Attribute Importance

Note: Attribute Importance does not work with data that has attributes that have primarily NULL values, that is, sparse data. You should remove attributes that have mostly NULL values before you build an attribute importance model.

If a data set has many attributes, it is likely that not all attributes will contribute to a predictive model. Indeed, some attributes may simply add noise, that is, they actually detract from the model's predictive value. Oracle Data Mining provides Attribute Importance (AI) that uses the Minimum Description Length algorithm to rank the attributes by significance in determining the target value.

The time required to build Oracle Data Mining classification models increases with the number of attributes. Attribute Importance identifies a proper subset of the attributes that are most relevant to predicting the target.

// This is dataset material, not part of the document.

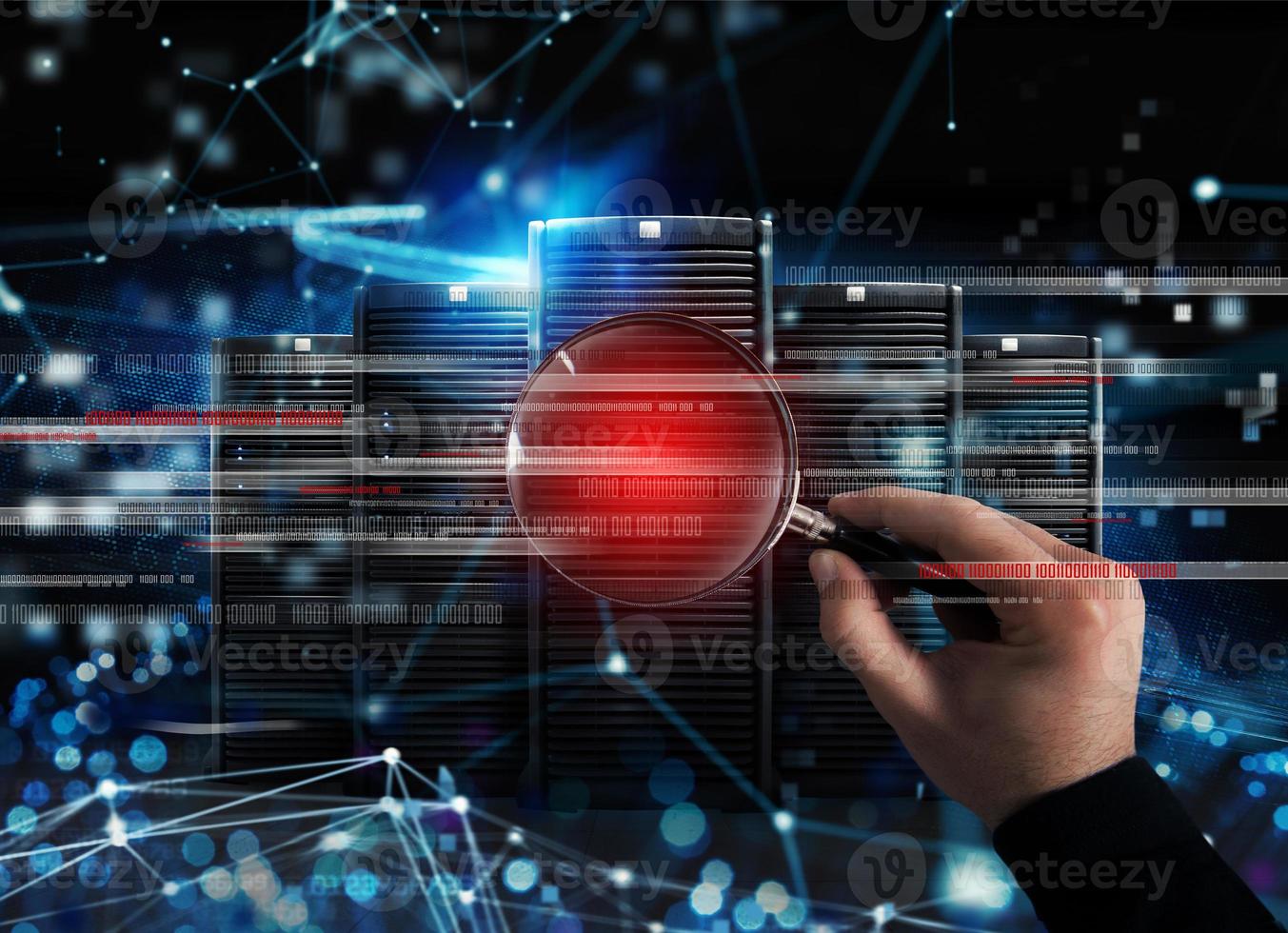 Hacker with magnifier lens try to read illegally protected information stored on server photo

Model building can proceed using the selected attributes only.

Using fewer attributes does not necessarily result in lost predictive accuracy. Using too many attributes (especially those that add noise) can affect the model and degrade its performance and accuracy. Mining using the smallest number of attributes can save significant computing time and may build better models.

Decision Tree and Adaptive Bayes Network algorithms do internal feature reduction, that is, they determine which attributes are important to build the model and use only those attributes. For these kinds of models, it is not necessary to create an AI model to reduce the number of features. Even for these algorithms, reducing the number of features may result in better performance.

An Attribute Importance model calculates rank and importance for each attribute. The rank of an attribute is an integer. Importance is a real number that may be negative. The rank or importance of an attribute allows you to select the attribute to be used in building models. The correct way to interpret attribute importance is that attributes with a greater numeric value for importance are relatively more important; the most important attribute has rank equal to 1. If the importance of attribute A is 10 times bigger than the importance of attribute B, you cannot assume that attribute A is 10 times more important than attribute B; all that you can assume is that attribute A is more important than attribute B. If the importance of an attribute is a negative number, then that attribute is not correlated with the target. See the description of the Minimum Descriptor Length algorithm for more details.

Oracle Data Mining Attribute Importance models use the Minimum Descriptor Length Algorithm.